Extracted entries Start Marker

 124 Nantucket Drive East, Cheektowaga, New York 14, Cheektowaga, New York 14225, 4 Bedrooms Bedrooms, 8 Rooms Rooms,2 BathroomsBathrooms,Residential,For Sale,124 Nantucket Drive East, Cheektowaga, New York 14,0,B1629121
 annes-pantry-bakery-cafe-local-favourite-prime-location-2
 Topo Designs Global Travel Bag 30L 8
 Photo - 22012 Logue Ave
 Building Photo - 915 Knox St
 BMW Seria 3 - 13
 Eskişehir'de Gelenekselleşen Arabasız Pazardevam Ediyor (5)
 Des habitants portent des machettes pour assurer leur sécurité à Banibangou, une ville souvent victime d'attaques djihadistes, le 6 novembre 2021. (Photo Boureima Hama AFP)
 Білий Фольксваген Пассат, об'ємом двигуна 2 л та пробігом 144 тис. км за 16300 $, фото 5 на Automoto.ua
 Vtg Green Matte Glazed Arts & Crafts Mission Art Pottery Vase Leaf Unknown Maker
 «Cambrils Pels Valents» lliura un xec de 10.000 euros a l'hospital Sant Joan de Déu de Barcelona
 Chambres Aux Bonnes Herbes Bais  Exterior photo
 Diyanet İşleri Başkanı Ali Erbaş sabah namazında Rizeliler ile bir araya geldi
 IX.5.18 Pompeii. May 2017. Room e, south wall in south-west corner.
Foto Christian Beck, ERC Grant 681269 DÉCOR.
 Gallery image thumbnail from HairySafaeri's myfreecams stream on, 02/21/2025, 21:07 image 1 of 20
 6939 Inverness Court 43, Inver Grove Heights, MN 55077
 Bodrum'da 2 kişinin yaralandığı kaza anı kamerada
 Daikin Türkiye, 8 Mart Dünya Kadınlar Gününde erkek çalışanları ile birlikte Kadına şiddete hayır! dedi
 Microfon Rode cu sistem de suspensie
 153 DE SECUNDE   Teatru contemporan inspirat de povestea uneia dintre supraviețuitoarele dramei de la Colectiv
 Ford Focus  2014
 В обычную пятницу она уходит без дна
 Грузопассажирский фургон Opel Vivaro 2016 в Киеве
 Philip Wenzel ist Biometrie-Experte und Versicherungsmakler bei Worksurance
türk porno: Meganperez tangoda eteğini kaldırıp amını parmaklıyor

Extracted entries End Marker

• _What you will do_
Could you copy exactly the line containing "Bodrum'da 2 kişinin" and each line after it through the end of the records, and nothing else?

• _Output of the task_
 Bodrum'da 2 kişinin yaralandığı kaza anı kamerada
 Daikin Türkiye, 8 Mart Dünya Kadınlar Gününde erkek çalışanları ile birlikte Kadına şiddete hayır! dedi
 Microfon Rode cu sistem de suspensie
 153 DE SECUNDE   Teatru contemporan inspirat de povestea uneia dintre supraviețuitoarele dramei de la Colectiv
 Ford Focus  2014
 В обычную пятницу она уходит без дна
 Грузопассажирский фургон Opel Vivaro 2016 в Киеве
 Philip Wenzel ist Biometrie-Experte und Versicherungsmakler bei Worksurance
türk porno: Meganperez tangoda eteğini kaldırıp amını parmaklıyor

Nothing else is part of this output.